The human face of God

By Guy Sayles

One of the most astonishing things Jesus said was: “Whoever who has seen me has seen the Father” (John 14).

When we see Jesus, we see what God is like.

To borrow a phrase from John A. T. Robinson, Jesus is “the human face of God” (The Human Face of God, 1973). 

Like Jesus, God is not aloof from us: detached, disinterested and disconnected.  Instead, God is with us, one of us, sharing our lives, tasting our joys, feeling our sorrows.  

When looking at Jesus, I see what a human being is meant to be: fully alive and fully engaged.

Reynolds Price said that, in Jesus, we catch “sight of a single human life lived nearer to the Maker’s mind than any other life yet heard of” (Three Gospels, p. 240).

Jesus was passionate about the rule and reign of God: freedom, justice, mercy, peace and love.

He promised abundant life; and, because he was himself so vibrantly and fully alive, people trusted that he could and would keep that promise. 

Jesus’ life calls out to me. In him, I see what it means to be human, and he awakens in me a desire to be like him.

He urges me to lose my false self in the great mysteries of love and to take up my true life, a life centered not on my ego but on him. 

Jesus’ face glows with authentic humanity, and it also shines with the bright light of God.

Writing, about Jesus’ transfiguration, Paul said to the community of Christians in Corinth: “It is the God who said, ‘Let light shine out of darkness,’ who has shone in our hearts to give the light of the knowledge of the glory of God in the face of Jesus Christ” (2 Corinthians 4:6).

I’m not sure what Paul meant by these lyrical and luminous words, but it’s something like: The light of creation and the light of Jesus originate with God, and the face—the story-formed image—of Jesus radiates the glory of God.

Jesus, as the human face of God shows us the possibilities of personhood; and, as the human face of Godhe reveals the character of the divine.

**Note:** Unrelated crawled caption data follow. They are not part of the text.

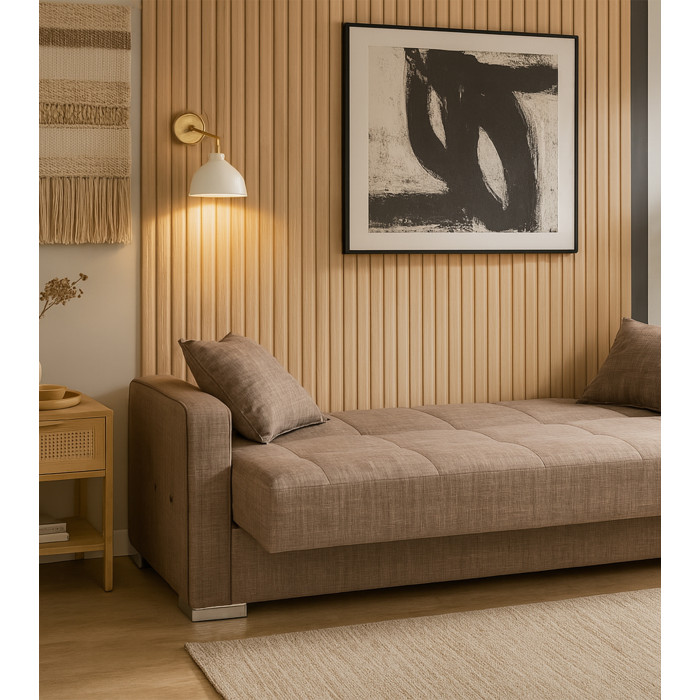 Sofá cama Torra – Con arcón, muelles y cojines incluidos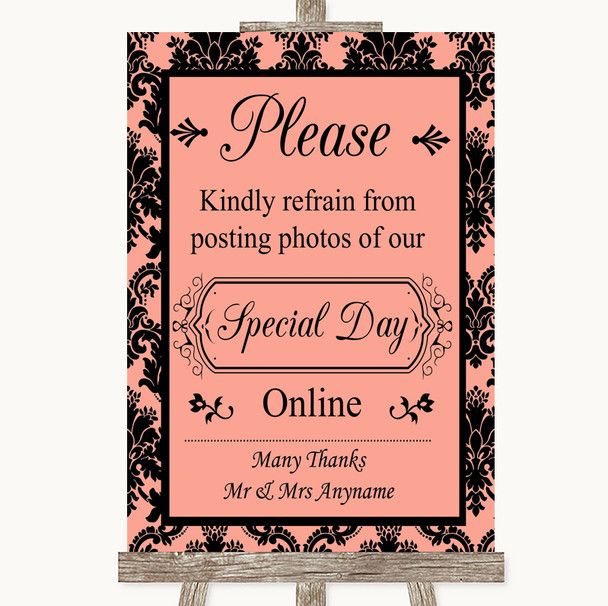 Coral Damask Don't Post Photos Online Social Media Personalised Wedding Sign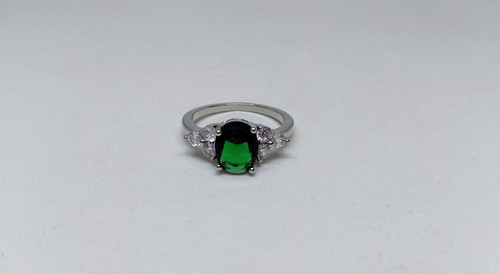 Bague émeraude vert zirconium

A New Testament hymn (Colossians 1:15-20)invites us to praise this cosmic Christ: 

He is the image of the invisible God, the firstborn of all creation; for in him all things in heaven and on earth were created, things visible and invisible, whether thrones or dominions or rulers or powers—all things have been created through him and for him. He himself is before all things, and in him all things hold together. He is the head of the body, the church; he is the beginning, the firstborn from the dead, so that he might come to have first place in everything. For in him all the fullness of God was pleased to dwell, and through him God was pleased to reconcile to himself all things, whether on earth or in heaven, by making peace through the blood of his cross.

This stunning poetry gives me words for my experience with Jesus. With, through and in him, I learn what God is like.

His life and the life of creation are inseparably connected. Without him, everything and everyone would come apart and devolve into chaos.

For Jesus, the tomb became a womb; he was born from death; now he midwives us through our own dying into fullness of life.

Through him, everything divided is coming back together, estrangement is being replaced with friendship, and violence is being vanquished by peace. 

For me, Jesus is vaster than we can know and nearer than our own breath. He encompasses the cosmos and embraces each of us.

Guy Sayles is a writer and speaker in Asheville, N.C., and a facilitator for the Jesus Worldview Initiative.